Nie tylko innych kolce, lecz też nasze własne. Dotyczy to z pewnością nie tylko czasu żałoby, lecz też czasu poza nim.
Jednak- chcę być ostrożny i nie uogólniać, powiem to na moim przykładzie- nie zawsze umiem być silnym i pogodnym, nie umiem zawsze postępować prawidłowo. Musiałem się tego uczyć, że także te kłujące i kolące miejsca u mnie, też należą do mnie.
To zależy od nas, jak się z tym obchodzimy. Na co patrzymy?
Co spostrzegamy u siebie, u naszych bliźnich?
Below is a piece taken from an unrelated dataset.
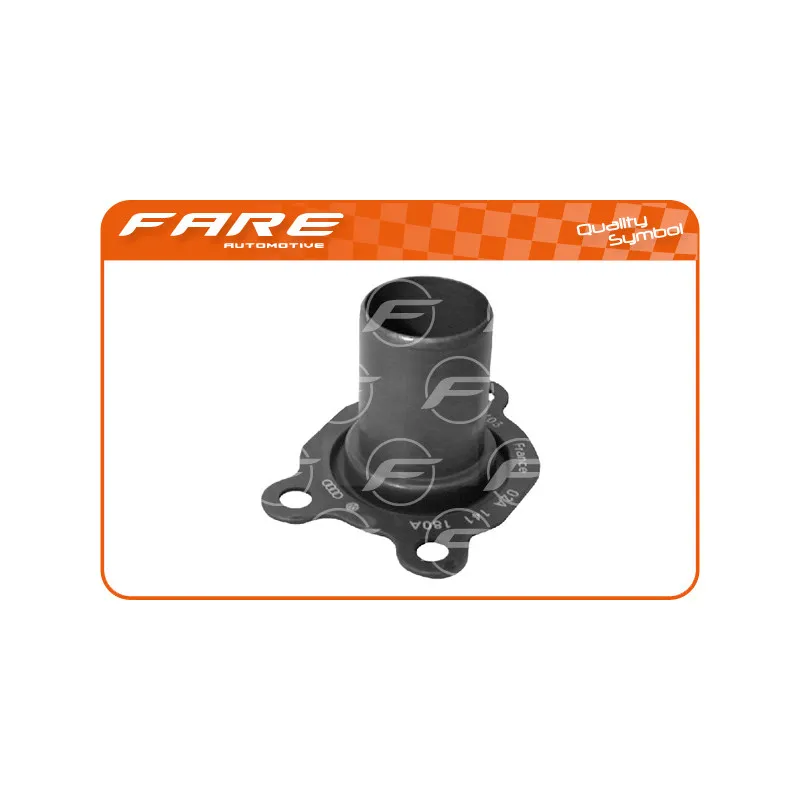 Douille de guidage, embrayage FARE SA 4957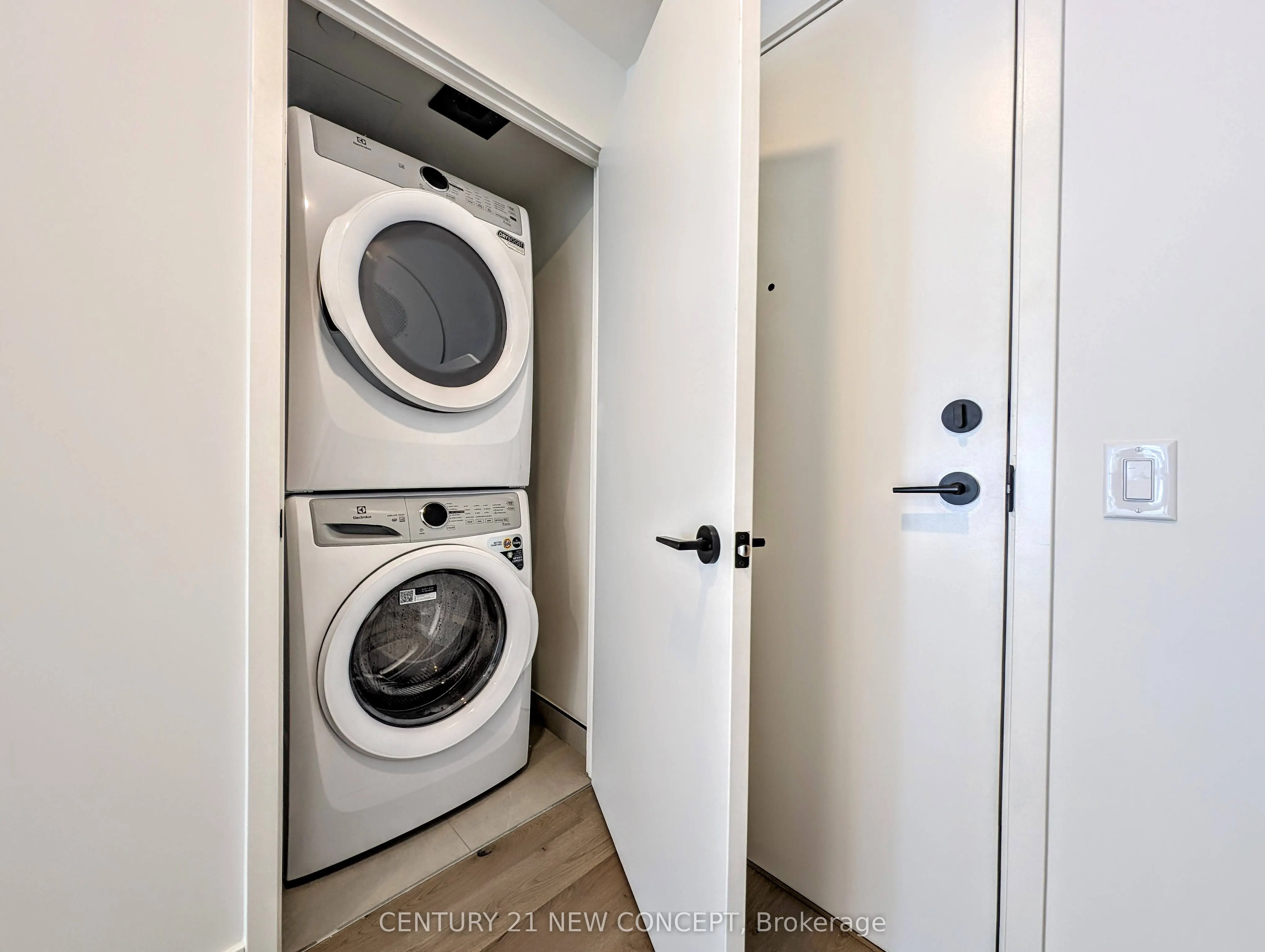 1050 Eastern Avenue, #1103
Na co zwracamy uwagę?
Czy zwracamy uwagę na zapach, czy kolce- u siebie, u innych?
Co dajemy dalej? Ja potrafimy z innymi wzajemnie żyć?
Kiedy zapytano Jezusa, co w życiu jest najważniejsze, On odpowiedział:
„Będziesz miłował Pana, Boga swego, całym swoim sercem…, a bliźniego swego, jak siebie samego”.
(Ewangelia św. Łukasza 10,27).
Tak, tak chcemy czynić: Miłość podawać dalej- nam samym, bliźnim, Bogu.
Jak to ma wyglądać?
Tu, pomoże zmiana perspektywy widzenia.
W jednym wierszu czytamy:
- Czy wiedziałeś, że poświęcić czas drugiemu człowiekowi, to znaczy więcej, niż drogie prezenty?
- Czy wiedziałeś, że radosny uśmiech może więcej znaczyć, niż tabletka od bólu głowy?
- Czy wiedziałeś, że uważne, intensywne słuchanie, może pomóc rozwiązać innym problem?
- Czy wiedziałeś, że zaufanie może wyzwolić u innych olbrzymie siły?
- Czy wiedziałeś, że tylko dobro i czułość mogą u innych stopić zaciętość i skrytość?
- Czy wiedziałeś, że uważne milczenie może zdziałać więcej, niż słowa?
Czy wiedziałeś to wszystko?! Dobrze. Spróbuj. Spróbuj to wprowadzić do swojego życia.
Jak patrzymy na innych ludzi?
Czy wciąż patrzymy na to, co okropne, co kłujące, czy też patrzymy na kwiecie?
Można naturalnie powiedzieć: „Jest to głupie, że róża ma kolce”.
Lecz my możemy zmienić perspektywę i powiedzieć: „To jest piękne, że takie piękne kwiecie ma kolce”.
Na co patrzymy?
Co spostrzegamy?
VI.
Z zapachu róży, który wdychamy, czerpiemy nową nadzieję.
Przyglądamy się różom i poprzez blask płatków kwiecia, widzimy Królestwo Boże.
Nasz świat, z różą stał się inny, niż przedtem.
To było doświadczenie tego, który dawno temu pisał: „Z korzeni wystrzeliła krucha róża”.
Pamiętacie, droga wspólnoto, tę adwentowo- bożonarodzeniową pieśń?
Pośród mroźnej zimy zakwita róża: Jezus Chrystus. Ten kwiat przezwycięża nawet pogodę; ta róża przezwycięża nawet śmierć… i ofiaruje nowe życie. Można to zaobserwować (patrząc na różę z Jerycho): rodzą się nowe, zielone pędy.
To jest nasza nadzieja:
- Że nasi zmarli nie zagubili się, lecz są u Boga szczęśliwi.
- Na nas też, choć w tym momencie jesteśmy smutni, czeka nowe życie.
- Że my też możemy tego doświadczyć, że kwitniemy, jak róże, które zasadzone są nad potokiem.
- Że możemy dalej rozprzestrzeniać przyjemny zapach: słowa miłości, miłość bliźniego.
W tym niech nam pomaga Bóg Ojciec, Syn Boży i Duch święty. Amen.